Para Lula, a crise significa a "quebra de um paradigma" e mostra que os países emergentes têm que se unir em defesa de seus interesses comuns. "Temos a extraordinária oportunidade de apresentar propostas consistentes para a reforma da governança global", declarou o presidente brasileiro.
"Eu digo que o socialismo é a única solução para a grande crise mundial, não há solução dentro do capitalismo", disse o presidente venezuelano Hugo Chávez, que como de costume lançou mão de várias frases de efeito e fez o discurso mais longo do evento.

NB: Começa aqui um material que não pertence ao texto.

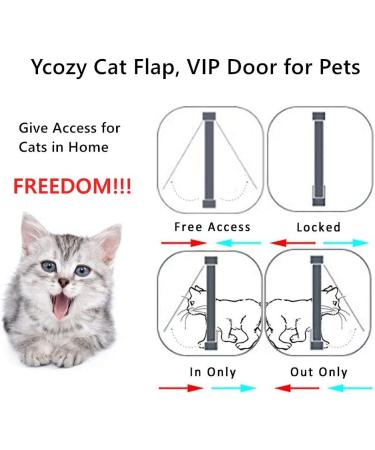 Ycozy XL 4-Way Locking Cat Door for Interior/Exterior Doors - Weatherproof Flap for Kittens & Dogs | Easy Install on Door/Wall/Window - 9.0 x 7.9 (Brown) - Buy Online on GoSupps.com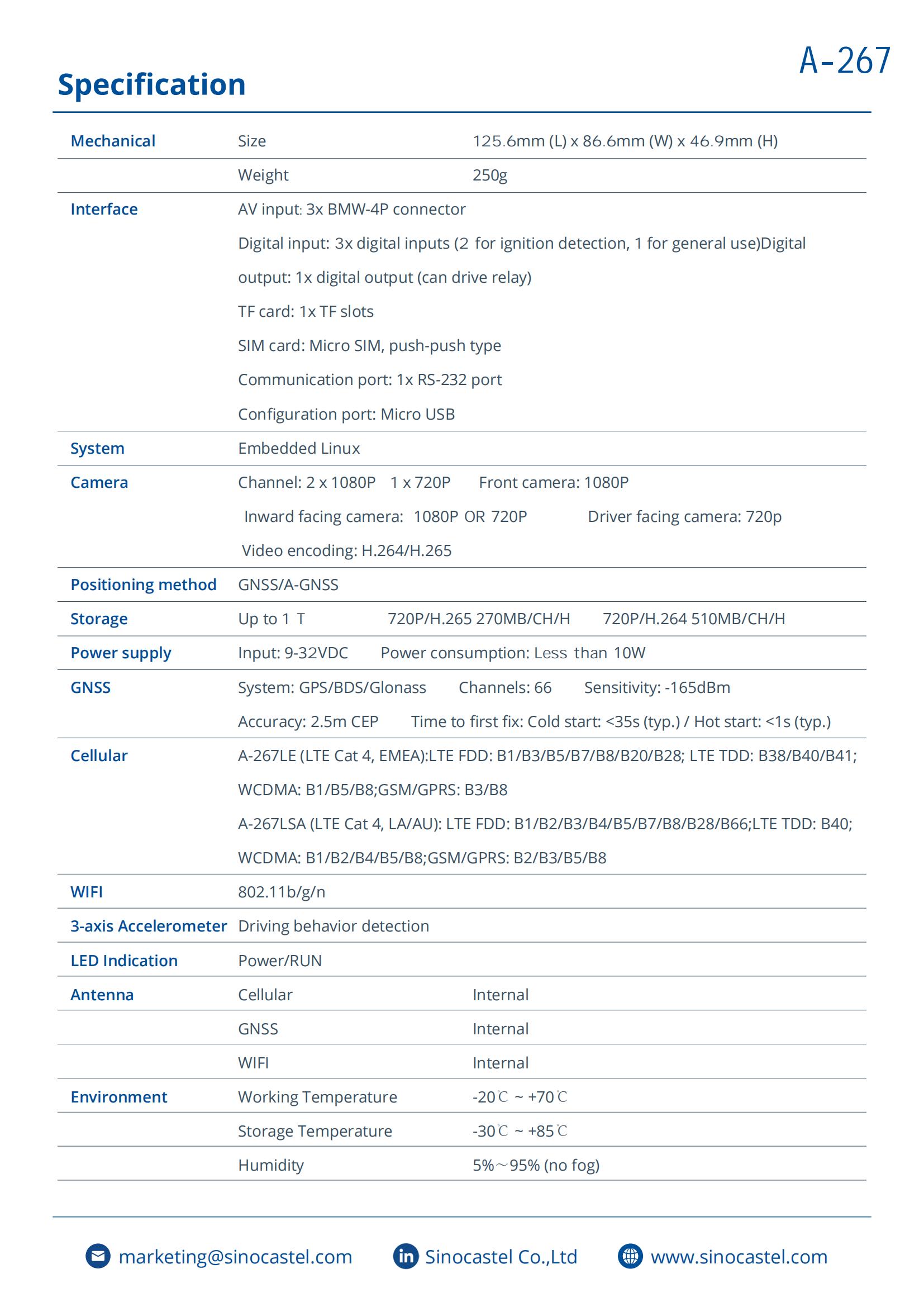 4G Ai dash camera technical details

Além de defender soluções conjuntas e a reforma das instituições multilaterais, os líderes árabes e sul-americanos destacaram a importância do incentivo ao comércio internacional como maneira de reduzir os efeitos da crise. Nesse sentido, eles rechaçaram medidas protecionistas e ressaltaram a necessidade de conclusão da Rodada Doha de liberalização comercial no âmbito da Organização Mundial do Comércio (OMC).
O secretário-geral da Liga Árabe, Amr Mussa, disse que os três países árabes e sul-americanos que fazem parte do G-20 vão para o encontro de Londres com posições de consenso e dentro de um espírito de cooperação e solidariedade. A declaração final da cúpula destaca que "mecanismos de cooperação entre os países do Sul devem ser reforçados para prevenir crises e a pobreza".
O Emir do Catar, Ahmad Bin Khalifa A-Thani, anfitrião do encontro, destacou que existem muitas coisas em comum entre os países dos dois blocos no que diz respeito ao "caminho para o desenvolvimento". "Tenho esperança de que nossos esforços serão recompensados", declarou.
Ainda na seara econômica, outro tema explorado foi a complementaridades entre as economias dos dois blocos, de um lado os árabes como grandes produtores de petróleo e gás, e de outro os sul-americanos como importantes fornecedores de alimentos. Segundo Lula, essas complementaridades podem ser usadas para se aproveitar as oportunidades de "economias que cada vez mais se internacionalizam".
Nesse ponto ele destacou aumento do comércio entre as duas regiões desde a primeira cúpula Aspa. O volume passou de US$ 11 bilhões em 2004 para US$ 30 bilhões em 2008, um aumento de 170%. "Isso confirma o enorme potencial do comércio Sul-Sul", disse Lula.
Em entrevista, o presidente da Câmara de Comércio Árabe Brasileira, Salim Schahin, disse que, durante o Fórum Empresarial América do Sul-Países Árabes, realizado antes da cúpula, viu o interesse de empresários árabes querendo em investir na produção de alimentos na América do Sul para abastecer seus próprios mercados. "Do outro lado, eles têm muito conhecimento sobre o petróleo", afirmou. "O que importa é uma aproximação cada vez maior", acrescentou.
Na avaliação de Schahin, a cooperação Sul-Sul é "extremamente importante" para "criar as bases para um futuro melhor". No fórum, segundo ele, além do ramo de alimentos, muitas discussões rodaram em torno dos ramos de petróleo, energia, imóveis, construção e infraestrutura.
A presidente chilena ressaltou, no entanto, que o combate à crise não pode servir de desculpas para nada se fazer sobre o aquecimento global e defendeu que, se parte dos "trilhões de dólares" utilizados para salvar o sistema financeiro internacional fosse utilizada na produção de energias limpas, haveria a criação de "centenas de milhões de empregos". A próxima Aspa foi marcada para 2011 em Lima, no Peru.